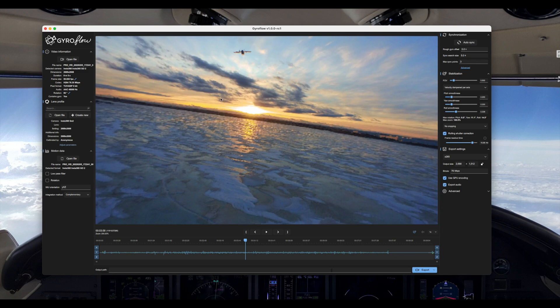The only major weakness I've found with Gyroflow 1.0 is that on Mac it is very, very slow for exporting. I hope they'll find a solution for that. On Windows it's very fast — probably faster than the Insta360 Studio — but on Mac unfortunately it's really slow. I'll show you what a comparison looks like between non-stabilized, stabilized in Gyroflow, and stabilized in the Insta360 Studio.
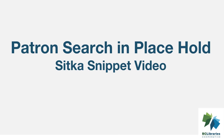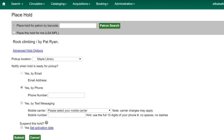This short video will demonstrate how to search for patrons while placing holds in Sitka's Evergreen. If you don't have your patron's barcode when placing a hold, you can search for your patron by clicking the Patron Search button.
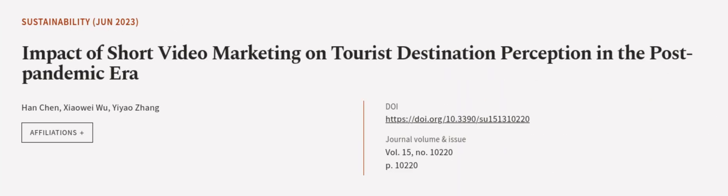This article was authored by Han Chen, Xiaowei Wu, and Yao Zhang. We are article.tv, links in the description below.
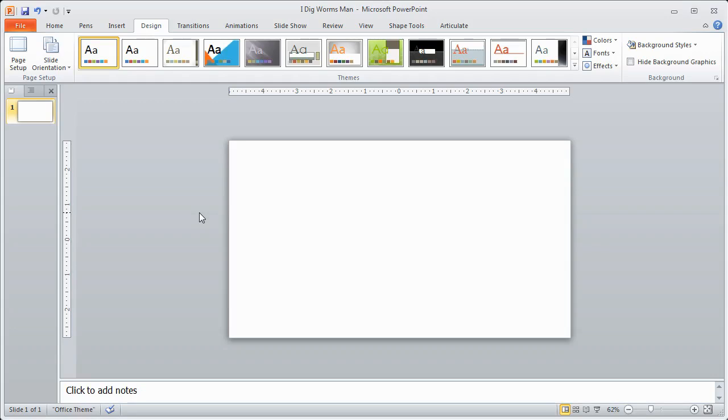So that's step number three, making sure that your slide is 16:9 aspect ratio, same aspect ratio as my webcam.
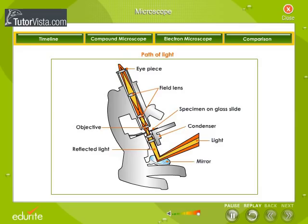Path of Light: As shown in the diagram, the light falls on the mirror and gets reflected. The plain surface directs light over the object when seen through the low-powered lens, and the concave surface when seen through the high-powered lens. This light passes through the condenser, which regulates the amount of light entering the microscope, then through the objective lens, the field lens, and finally through the eyepiece.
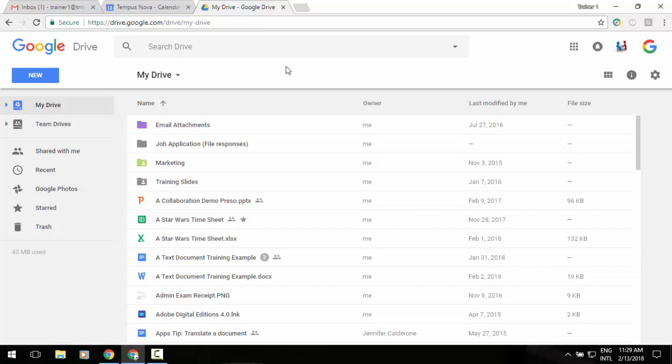You've got a couple of different ways that you can do this. So let's say, for example, I'm looking for something and I know it's in a particular folder and I can see that folder.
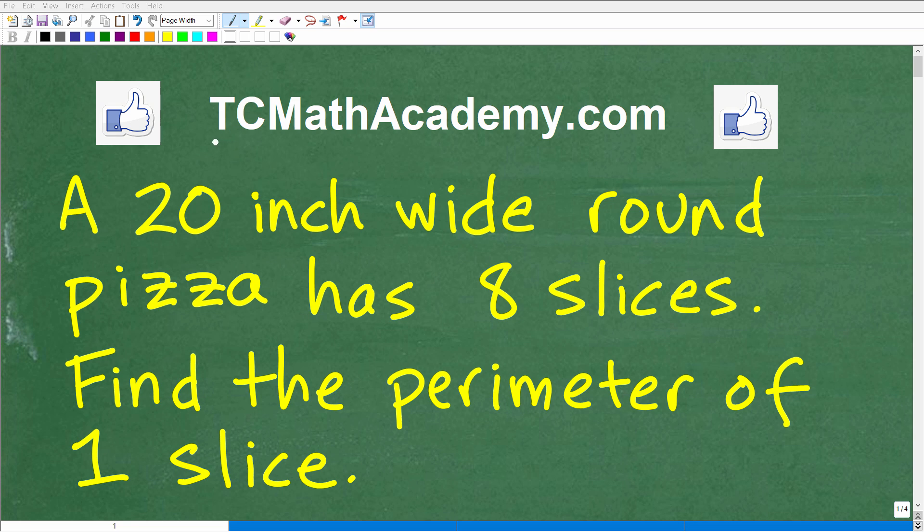Hello, this is John from TC Math Academy, and in this particular video, we're going to solve this lovely little math word problem. Let's go ahead and read the problem now.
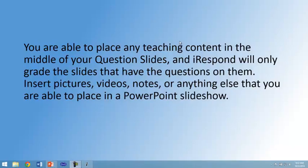Insert pictures, videos, notes, or anything else that you are able to place in a PowerPoint slideshow.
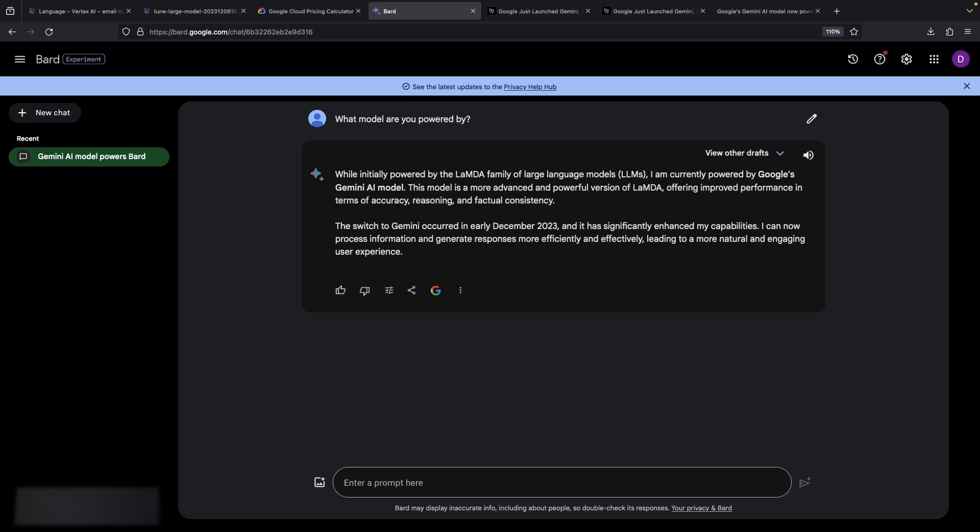BARD is super easy to get started with. Just go to bard.google.com and accept the terms. Do note that your interactions could be used to improve the model. I wouldn't do anything particularly sensitive or proprietary with this BARD service. Check out our other videos to learn more about enterprise-grade AI in Google Cloud.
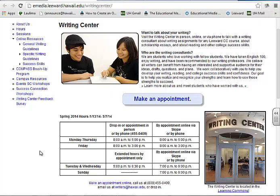Thank you very much for looking at my course today, and I thank you for your consideration. Mahalo.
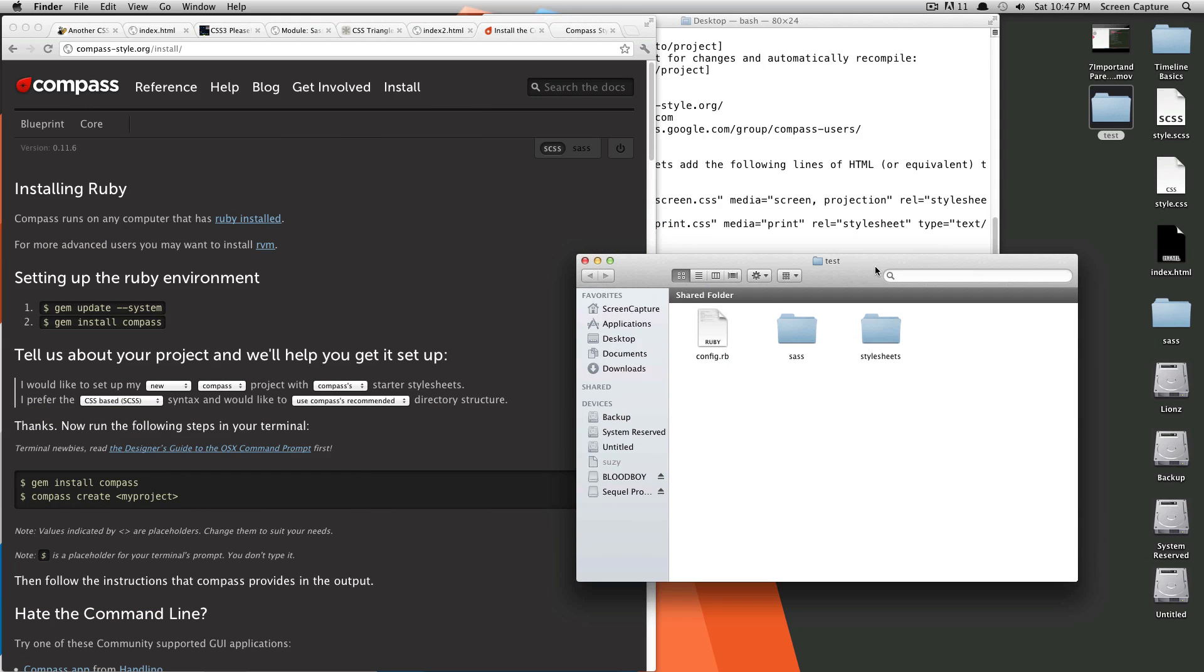That's it for installing Compass. In the next lesson, we're going to show you how to add Compass to an already existing project. After that, we're going to show you Compass's many useful features.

--

## REQUIRED ACTION
The records above must be printed exactly, but the pictures they hold should be omitted.

## TASK OUTPUT
The only major weakness I've found with Gyroflow 1.0 is that on Mac it is very, very slow for exporting. I hope they'll find a solution for that. On Windows it's very fast — probably faster than the Insta360 Studio — but on Mac unfortunately it's really slow. I'll show you what a comparison looks like between non-stabilized, stabilized in Gyroflow, and stabilized in the Insta360 Studio.
This short video will demonstrate how to search for patrons while placing holds in Sitka's Evergreen. If you don't have your patron's barcode when placing a hold, you can search for your patron by clicking the Patron Search button.
This article was authored by Han Chen, Xiaowei Wu, and Yao Zhang. We are article.tv, links in the description below.
So that's step number three, making sure that your slide is 16:9 aspect ratio, same aspect ratio as my webcam.
Path of Light: As shown in the diagram, the light falls on the mirror and gets reflected. The plain surface directs light over the object when seen through the low-powered lens, and the concave surface when seen through the high-powered lens. This light passes through the condenser, which regulates the amount of light entering the microscope, then through the objective lens, the field lens, and finally through the eyepiece.
You've got a couple of different ways that you can do this. So let's say, for example, I'm looking for something and I know it's in a particular folder and I can see that folder.
Hello, this is John from TC Math Academy, and in this particular video, we're going to solve this lovely little math word problem. Let's go ahead and read the problem now.
Insert pictures, videos, notes, or anything else that you are able to place in a PowerPoint slideshow.
BARD is super easy to get started with. Just go to bard.google.com and accept the terms. Do note that your interactions could be used to improve the model. I wouldn't do anything particularly sensitive or proprietary with this BARD service. Check out our other videos to learn more about enterprise-grade AI in Google Cloud.
Thank you very much for looking at my course today, and I thank you for your consideration. Mahalo.
That's it for installing Compass. In the next lesson, we're going to show you how to add Compass to an already existing project. After that, we're going to show you Compass's many useful features.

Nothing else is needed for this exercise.